Issue 1: /hilo/register: On the Register page, I am unable to click on the
initial password box, with no explanation as to why. The log in to the
existing account link is under the border of the main container, presumably
because of fixed height css.

Issue 2: /hilo/register: Unable to click on the button you need to click on to
register - looking back, this is untrue, you seem to be using ajax calls to
load pages and send information, but without any kind of notification, so to
the user it merely feels unresponsive.

Issue 3: Your images are not locally hosted, IE, your encryption on your SSL
appears as broken. This is more damaging than having no SSL to none
developers, etc, who whilst are not your target audience, will instinctively
distrust your website. Either load them locally or through an image host with
https.

Issue 4: /hilo/dashboard: Too much on the screen for a first time user,
consider a simplified dashboard with the option to unlock all features, while
you run new users through a simple (but not _required_ ) tutorial.

Issue 5: /hilo/dashboard: No idea at all where to click until 30 seconds of
mouse movement, there is no indication at all that the links you are using are
in fact links, they look like (and are) simply black text.

Issue 6: /hilo/cloud_accounts: Silly scrollbar appearing in the cloud accounts
area once adding the first cloud account, consider using no margin and having
the padding and the width all add up to _> 100%_ to remove this issue. Also,
the EDIT and DELETE links look quite ugly.

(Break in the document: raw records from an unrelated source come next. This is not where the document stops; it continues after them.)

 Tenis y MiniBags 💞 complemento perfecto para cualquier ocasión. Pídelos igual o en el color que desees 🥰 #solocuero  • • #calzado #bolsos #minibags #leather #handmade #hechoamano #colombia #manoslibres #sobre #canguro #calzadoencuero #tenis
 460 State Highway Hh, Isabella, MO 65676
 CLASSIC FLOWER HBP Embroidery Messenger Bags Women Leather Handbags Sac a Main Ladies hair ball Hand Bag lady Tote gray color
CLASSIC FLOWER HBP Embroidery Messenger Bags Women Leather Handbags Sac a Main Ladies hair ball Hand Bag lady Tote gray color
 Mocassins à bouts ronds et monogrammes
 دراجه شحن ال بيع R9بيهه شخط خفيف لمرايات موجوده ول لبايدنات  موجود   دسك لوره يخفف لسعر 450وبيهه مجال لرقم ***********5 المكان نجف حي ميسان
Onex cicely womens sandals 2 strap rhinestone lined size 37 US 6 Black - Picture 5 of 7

Issue 7: There is no clear aim for what you really want me to do, I am pretty
much following difficult to find requirements with no reasoning behind it and
no explanation of what this will all do, your average user would already have
quit the site and would be looking for "X but simpler".

Issue 8: /hilo/cloud_accounts/create What you asked me to do on the last page
took me back to creating a new cloud account here, feels like I'm going in
circles, completely lost as a user, closed the browser window, will never open
again.

Criticism aside, some constructive... criticism?

I like the look of the app, it feels tailored to your clients, very nice and
technically working app.

Feels like you are doing too much at once, it needs simplifying for the new
guys, consider a sandbox approach, treat your users like idiots till they
decide they should be let out of the cage.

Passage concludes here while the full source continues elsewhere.